Rossi era deciso nell’opporsi a chi si faceva sostenitore di visioni del mondo che, ispirate in misura essenziale al pensiero di Friedrich Nietzsche e Martin Heidegger, oscillavano tra pronunciamenti di carattere nichilistico e forme varie di rifiuto della scienza e della tecnica. Visioni del mondo che a suo giudizio nascevano da una fondamentale ignoranza, da una sorta di rifiuto di principio del pensiero scientifico e di quanto quest’ultimo dà modo di comprendere circa la stessa natura umana. È semplicistico guardare al tempo come all’«eterno ritorno dell’uguale» o scorgere nell’idea di progresso nient’altro che il relitto di una visione ingenua dell’uomo e del suo rapporto con la natura.

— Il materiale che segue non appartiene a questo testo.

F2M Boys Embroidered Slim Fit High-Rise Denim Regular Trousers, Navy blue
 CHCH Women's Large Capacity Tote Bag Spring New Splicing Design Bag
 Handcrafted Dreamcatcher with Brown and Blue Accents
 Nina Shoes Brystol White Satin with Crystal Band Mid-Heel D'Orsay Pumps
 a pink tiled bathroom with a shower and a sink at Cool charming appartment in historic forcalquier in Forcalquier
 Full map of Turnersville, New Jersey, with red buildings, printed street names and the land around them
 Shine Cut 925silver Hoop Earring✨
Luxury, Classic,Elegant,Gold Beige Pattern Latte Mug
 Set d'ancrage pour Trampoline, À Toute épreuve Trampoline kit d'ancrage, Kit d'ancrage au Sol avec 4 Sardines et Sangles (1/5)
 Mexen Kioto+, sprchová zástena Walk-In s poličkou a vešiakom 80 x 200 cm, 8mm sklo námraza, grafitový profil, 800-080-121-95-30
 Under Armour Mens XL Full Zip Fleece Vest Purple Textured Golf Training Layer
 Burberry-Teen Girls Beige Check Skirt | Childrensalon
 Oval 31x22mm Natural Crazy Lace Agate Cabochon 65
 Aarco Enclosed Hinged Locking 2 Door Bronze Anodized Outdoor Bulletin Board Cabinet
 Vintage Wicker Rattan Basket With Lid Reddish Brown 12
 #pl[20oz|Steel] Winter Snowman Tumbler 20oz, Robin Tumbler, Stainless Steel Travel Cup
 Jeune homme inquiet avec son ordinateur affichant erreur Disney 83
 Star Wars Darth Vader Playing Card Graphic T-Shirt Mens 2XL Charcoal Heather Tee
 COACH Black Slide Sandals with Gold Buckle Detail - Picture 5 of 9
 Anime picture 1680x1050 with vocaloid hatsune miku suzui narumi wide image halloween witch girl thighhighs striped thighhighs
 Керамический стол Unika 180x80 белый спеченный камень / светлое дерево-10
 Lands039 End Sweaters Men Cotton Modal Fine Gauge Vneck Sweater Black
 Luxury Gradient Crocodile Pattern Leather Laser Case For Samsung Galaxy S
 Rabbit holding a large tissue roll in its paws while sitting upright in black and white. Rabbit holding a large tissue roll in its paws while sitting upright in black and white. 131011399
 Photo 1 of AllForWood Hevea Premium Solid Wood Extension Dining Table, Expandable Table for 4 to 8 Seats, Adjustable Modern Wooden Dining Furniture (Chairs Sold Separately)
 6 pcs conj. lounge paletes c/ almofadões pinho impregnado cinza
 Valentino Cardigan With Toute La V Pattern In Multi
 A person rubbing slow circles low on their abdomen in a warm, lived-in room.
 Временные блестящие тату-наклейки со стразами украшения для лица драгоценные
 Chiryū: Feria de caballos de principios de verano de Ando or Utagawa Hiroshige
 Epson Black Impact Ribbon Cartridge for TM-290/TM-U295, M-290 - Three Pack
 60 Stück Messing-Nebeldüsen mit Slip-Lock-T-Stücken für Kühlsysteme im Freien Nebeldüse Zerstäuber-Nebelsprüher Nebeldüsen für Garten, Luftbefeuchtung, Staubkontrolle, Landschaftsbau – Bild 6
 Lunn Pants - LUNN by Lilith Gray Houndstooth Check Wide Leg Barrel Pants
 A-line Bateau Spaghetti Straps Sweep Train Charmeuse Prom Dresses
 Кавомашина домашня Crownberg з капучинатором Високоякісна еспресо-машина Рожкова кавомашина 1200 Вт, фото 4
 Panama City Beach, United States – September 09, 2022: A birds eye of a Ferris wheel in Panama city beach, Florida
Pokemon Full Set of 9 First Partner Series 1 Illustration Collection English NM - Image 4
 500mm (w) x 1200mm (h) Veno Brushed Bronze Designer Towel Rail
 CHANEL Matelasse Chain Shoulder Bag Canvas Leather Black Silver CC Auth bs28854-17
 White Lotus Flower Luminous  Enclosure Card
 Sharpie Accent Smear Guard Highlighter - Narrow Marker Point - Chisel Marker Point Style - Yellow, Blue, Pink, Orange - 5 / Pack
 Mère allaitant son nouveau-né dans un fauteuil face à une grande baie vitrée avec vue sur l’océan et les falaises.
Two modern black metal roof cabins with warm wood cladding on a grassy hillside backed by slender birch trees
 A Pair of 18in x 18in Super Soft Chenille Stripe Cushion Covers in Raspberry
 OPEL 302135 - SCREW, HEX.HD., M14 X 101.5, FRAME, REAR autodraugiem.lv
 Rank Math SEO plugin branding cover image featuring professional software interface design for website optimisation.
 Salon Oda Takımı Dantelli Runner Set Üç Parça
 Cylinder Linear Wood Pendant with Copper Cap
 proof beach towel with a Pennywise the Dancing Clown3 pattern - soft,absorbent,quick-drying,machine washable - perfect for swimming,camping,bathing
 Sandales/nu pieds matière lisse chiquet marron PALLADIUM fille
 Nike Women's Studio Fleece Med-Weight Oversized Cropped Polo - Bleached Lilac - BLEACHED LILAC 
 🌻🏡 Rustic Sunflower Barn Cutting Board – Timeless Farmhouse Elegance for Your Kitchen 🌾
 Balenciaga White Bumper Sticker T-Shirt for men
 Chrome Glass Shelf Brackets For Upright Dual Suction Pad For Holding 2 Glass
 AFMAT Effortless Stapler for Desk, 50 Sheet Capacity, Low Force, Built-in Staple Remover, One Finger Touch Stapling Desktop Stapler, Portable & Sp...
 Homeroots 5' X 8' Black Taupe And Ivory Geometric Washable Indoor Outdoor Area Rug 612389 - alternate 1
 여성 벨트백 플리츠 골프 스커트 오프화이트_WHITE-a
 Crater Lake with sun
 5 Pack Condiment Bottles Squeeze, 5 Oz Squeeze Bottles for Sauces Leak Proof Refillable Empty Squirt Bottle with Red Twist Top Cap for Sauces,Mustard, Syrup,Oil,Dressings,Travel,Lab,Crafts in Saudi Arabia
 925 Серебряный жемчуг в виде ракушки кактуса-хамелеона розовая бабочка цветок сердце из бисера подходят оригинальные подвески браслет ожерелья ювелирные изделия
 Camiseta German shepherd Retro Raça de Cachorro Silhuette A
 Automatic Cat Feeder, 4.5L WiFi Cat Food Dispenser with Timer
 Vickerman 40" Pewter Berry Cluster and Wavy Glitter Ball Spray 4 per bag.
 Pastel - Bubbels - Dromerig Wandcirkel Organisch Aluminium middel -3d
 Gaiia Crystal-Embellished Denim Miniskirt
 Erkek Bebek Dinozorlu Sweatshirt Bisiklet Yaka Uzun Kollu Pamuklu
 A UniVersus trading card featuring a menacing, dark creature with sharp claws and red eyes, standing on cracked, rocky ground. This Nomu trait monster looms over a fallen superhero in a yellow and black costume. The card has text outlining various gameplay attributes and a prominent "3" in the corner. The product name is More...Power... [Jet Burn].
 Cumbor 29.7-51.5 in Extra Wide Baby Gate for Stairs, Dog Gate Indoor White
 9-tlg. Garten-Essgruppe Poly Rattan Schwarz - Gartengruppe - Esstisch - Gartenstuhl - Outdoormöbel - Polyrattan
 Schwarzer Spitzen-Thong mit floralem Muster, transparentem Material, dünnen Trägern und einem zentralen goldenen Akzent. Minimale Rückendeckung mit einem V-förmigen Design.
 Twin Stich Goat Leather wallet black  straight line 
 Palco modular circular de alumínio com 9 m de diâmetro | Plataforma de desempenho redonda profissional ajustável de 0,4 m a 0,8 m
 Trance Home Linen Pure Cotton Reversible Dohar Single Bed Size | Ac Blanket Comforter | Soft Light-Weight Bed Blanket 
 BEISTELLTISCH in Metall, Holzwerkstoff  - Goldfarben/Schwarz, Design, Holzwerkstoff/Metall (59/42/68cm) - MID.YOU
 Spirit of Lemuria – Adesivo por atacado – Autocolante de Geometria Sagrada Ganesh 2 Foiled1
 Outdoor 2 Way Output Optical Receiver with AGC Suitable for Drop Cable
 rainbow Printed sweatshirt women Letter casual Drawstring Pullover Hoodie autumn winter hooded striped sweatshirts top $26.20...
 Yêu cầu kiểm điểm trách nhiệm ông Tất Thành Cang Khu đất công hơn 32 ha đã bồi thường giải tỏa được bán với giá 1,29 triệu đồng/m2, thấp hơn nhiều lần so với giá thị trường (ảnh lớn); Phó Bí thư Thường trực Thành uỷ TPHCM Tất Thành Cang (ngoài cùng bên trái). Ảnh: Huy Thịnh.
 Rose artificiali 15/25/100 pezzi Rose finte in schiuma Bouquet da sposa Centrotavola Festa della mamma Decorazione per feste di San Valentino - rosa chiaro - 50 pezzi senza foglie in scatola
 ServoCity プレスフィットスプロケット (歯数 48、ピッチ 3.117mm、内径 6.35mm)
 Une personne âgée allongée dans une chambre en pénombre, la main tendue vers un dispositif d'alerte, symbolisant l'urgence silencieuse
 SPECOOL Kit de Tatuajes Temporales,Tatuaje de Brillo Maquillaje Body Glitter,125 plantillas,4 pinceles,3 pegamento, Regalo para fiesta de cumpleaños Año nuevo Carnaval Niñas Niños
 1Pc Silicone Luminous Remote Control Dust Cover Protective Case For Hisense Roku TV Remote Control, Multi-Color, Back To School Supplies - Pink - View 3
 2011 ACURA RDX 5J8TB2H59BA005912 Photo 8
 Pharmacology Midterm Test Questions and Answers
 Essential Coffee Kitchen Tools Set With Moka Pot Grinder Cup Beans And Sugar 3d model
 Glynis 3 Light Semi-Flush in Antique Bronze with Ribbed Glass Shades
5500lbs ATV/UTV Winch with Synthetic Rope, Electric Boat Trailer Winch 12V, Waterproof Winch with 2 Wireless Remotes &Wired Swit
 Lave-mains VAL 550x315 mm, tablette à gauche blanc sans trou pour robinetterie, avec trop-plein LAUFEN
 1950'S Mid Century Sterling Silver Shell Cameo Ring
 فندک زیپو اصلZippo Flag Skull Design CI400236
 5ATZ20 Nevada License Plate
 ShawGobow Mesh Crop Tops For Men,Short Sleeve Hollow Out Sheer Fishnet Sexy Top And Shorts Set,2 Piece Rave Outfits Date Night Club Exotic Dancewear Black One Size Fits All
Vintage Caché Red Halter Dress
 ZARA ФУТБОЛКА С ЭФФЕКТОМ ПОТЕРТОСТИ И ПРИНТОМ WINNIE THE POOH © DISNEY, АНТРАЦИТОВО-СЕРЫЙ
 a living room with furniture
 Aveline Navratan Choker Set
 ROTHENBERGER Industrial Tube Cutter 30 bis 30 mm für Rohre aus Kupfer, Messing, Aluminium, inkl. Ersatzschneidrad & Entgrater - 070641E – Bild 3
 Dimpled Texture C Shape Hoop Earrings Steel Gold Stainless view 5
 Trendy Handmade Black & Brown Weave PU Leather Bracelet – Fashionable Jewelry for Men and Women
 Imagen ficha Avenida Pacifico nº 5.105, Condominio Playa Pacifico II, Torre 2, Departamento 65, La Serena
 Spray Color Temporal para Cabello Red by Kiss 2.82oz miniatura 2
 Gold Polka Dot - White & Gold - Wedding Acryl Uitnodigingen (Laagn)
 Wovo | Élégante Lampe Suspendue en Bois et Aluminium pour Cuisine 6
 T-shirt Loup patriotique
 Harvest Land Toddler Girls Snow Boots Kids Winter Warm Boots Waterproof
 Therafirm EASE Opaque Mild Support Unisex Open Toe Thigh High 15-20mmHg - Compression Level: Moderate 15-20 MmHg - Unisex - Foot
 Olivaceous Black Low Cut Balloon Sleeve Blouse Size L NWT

Difese le sue tesi con fermezza in una serie ininterrotta di interventi raccolti poi in libri brillanti e polemici come I ragni e le formiche. Una apologia della storia della scienza (Bologna 1986), Paragone degli ingegni moderni e postmoderni (Bologna 1989) e poi ancora Naufragi senza spettatore (Bologna 1995). Non esitando a ricorrere all’ironia, Rossi criticava i sostenitori di concezioni apocalittiche o millenaristiche. Si trattava di critiche comunque intransigenti, come quelle di cui era oggetto – e in questo caso la serrata argomentazione prevaleva sull’ironia – anche chi avversava una organica relazione tra storia e riflessione filosofica perché convinto che ciò rappresentasse un pericolo esiziale per la dignità stessa di quest’ultima. In Un altro presente. Saggi sulla storia della filosofia (Bologna 1999) Rossi ribadiva che al lavoro dello storico non può essere rimproverata la lontananza dai tempi in cui viviamo. Lo storico – sottolineava Rossi – si occupa comunque della natura umana, vive in realtà – il titolo di quel libro era preso a prestito da Giulio Preti, antico allievo di Banfi – in «un altro presente».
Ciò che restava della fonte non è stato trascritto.